-- About this task --
From the listing below, reproduce exactly the lines starting with the one with "(ICM48261) 1/48 He 111H-3 WWII German Bomber" and going on through the one with "Baumwolle, mit Knopfleiste", both ends kept. No picture is copied.

-- Exercise data --
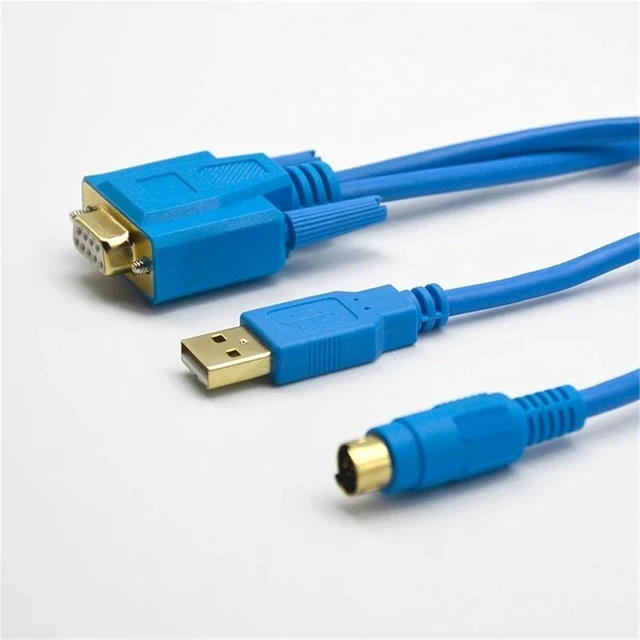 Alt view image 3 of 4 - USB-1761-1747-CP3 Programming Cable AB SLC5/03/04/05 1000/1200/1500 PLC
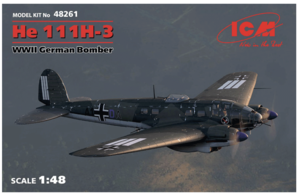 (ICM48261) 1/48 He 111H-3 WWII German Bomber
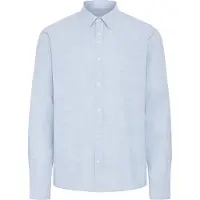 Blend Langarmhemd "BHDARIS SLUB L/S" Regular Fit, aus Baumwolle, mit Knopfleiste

--

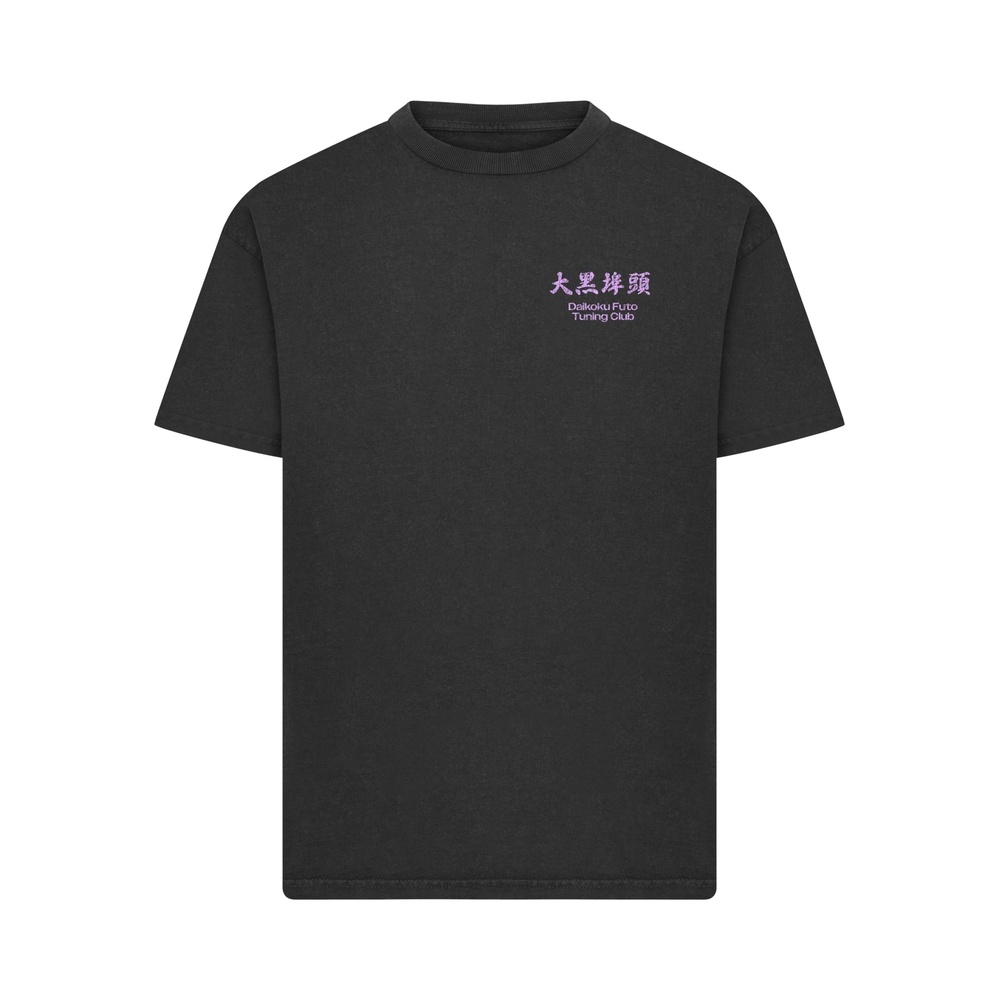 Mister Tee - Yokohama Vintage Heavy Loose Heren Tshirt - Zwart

==

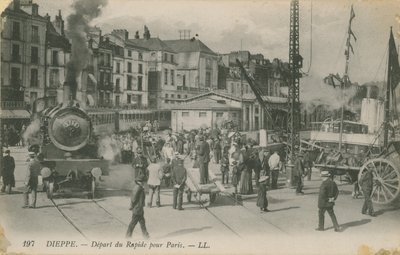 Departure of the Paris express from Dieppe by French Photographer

-- Completed task --
 (ICM48261) 1/48 He 111H-3 WWII German Bomber
 Blend Langarmhemd "BHDARIS SLUB L/S" Regular Fit, aus Baumwolle, mit Knopfleiste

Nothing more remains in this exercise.